Fra le probabilità avute da Parolin di uscire Papa dal Conclave, sopravvissute per un’oretta alla fumata bianca della votazione, ci sono stati anche i tempi brevi dell’elezione del successore di Francesco: brevi come furono quelli degli altri Segretari di Stato arrivati al vertice della Chiesa. Moltissimi, a cominciare dai fedeli corregionali veneti presenti in piazza e raggiunti da microfoni e telecamere, già esultavano prima che i tempi delle procedure del Conclave potessero consentire l’annuncio del nome del nuovo Papa e il suo arrivo sulla Loggia delle Benedizioni della Basilica di San Pietro per l’esordio in pubblico e la sua prima benedizione ai fedeli dopo avere invocato una pace “disarmante e disarmata” in un mondo purtroppo di guerre.

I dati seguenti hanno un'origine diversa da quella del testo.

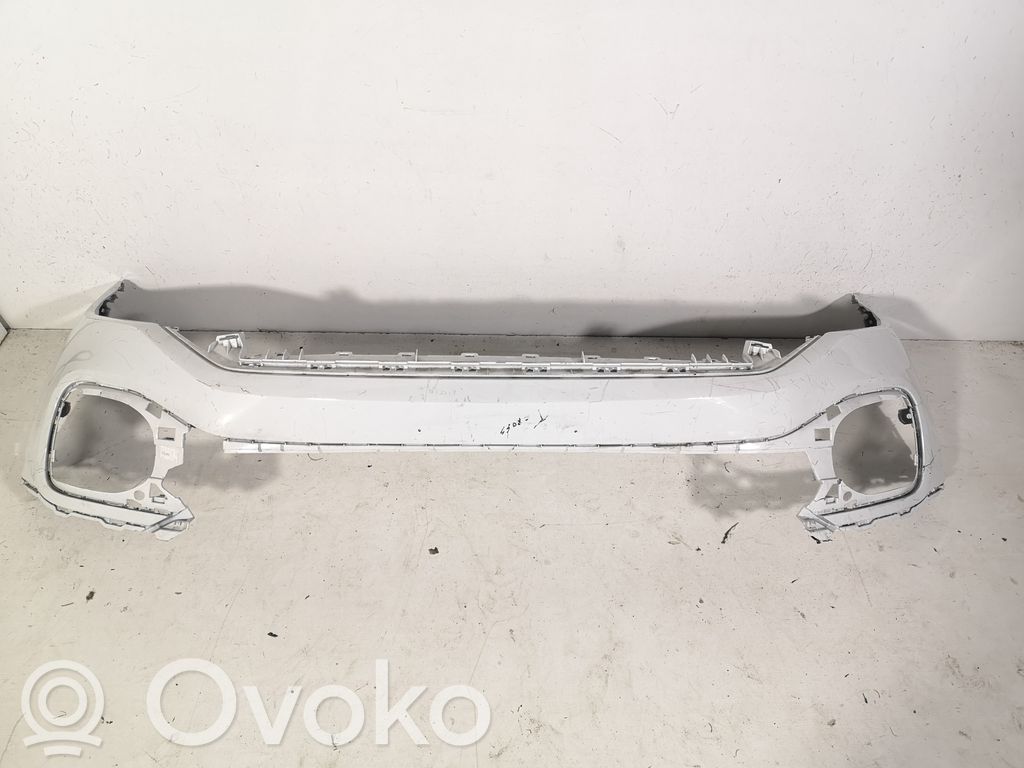 Volkswagen T-Cross Front bumper 
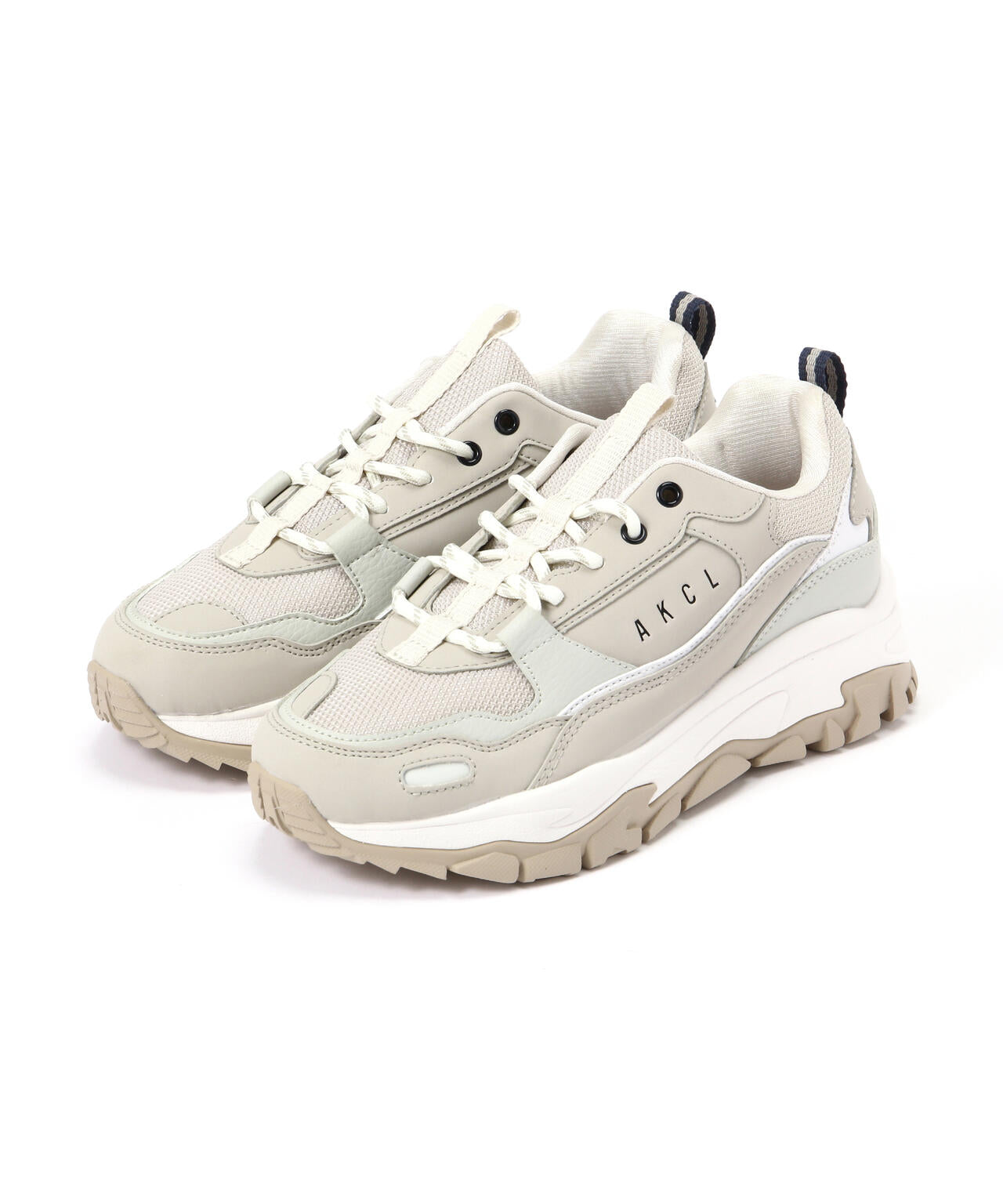 ＜AKIII CLASSIC＞URBAN TRACKER スニーカー*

C’è qualcosa sempre di intensa emozione in queste occasioni, riprovata a casa vedendo le immagini televisive e ormai lontane degli ultimi predecessori di Leone XIV. Ma questa volta l’intensità è stata forse maggiore, almeno per chi ha potuto vedere le immagini di Papa Prevost e ascoltarne le parole davvero in diretta. Non parliamo poi del pubblico accorso in piazza per godersi meglio lo spettacolo.
Per le dimensioni dei Paesi e delle aree di provenienza il primo Papa americano può aver fatto notizia, ed esserlo ancora, più del primo Papa polacco, o del primo Papa tedesco, o del primo Papa argentino. Anche, ripeto, del primo Papa polacco, giunto a Roma non solo da “un paese lontano”, come disse lo stesso Giovanni Paolo II la sera dell’elezione, ma da un paese a regime comunista, con tutto quello che significava allora il comunismo sovietico. Che crollò anche per effetto di quell’evento, per quanto Stalin a suo tempo avesse irriso alla forza della Chiesa chiedendo di quante truppe militari disponesse.
Ho già sentito esultare nei soliti salotti televisivi per l’elezione di un Papa americano che non si può confondere col presidente Trump. Il quale tuttavia è stato il primo a compiacersi dell’elezione di Pivot e di fatto a chiedergli di incontrarlo felicemente. Richiesta che non credo proprio verrà lasciata cadere da Leone XIV.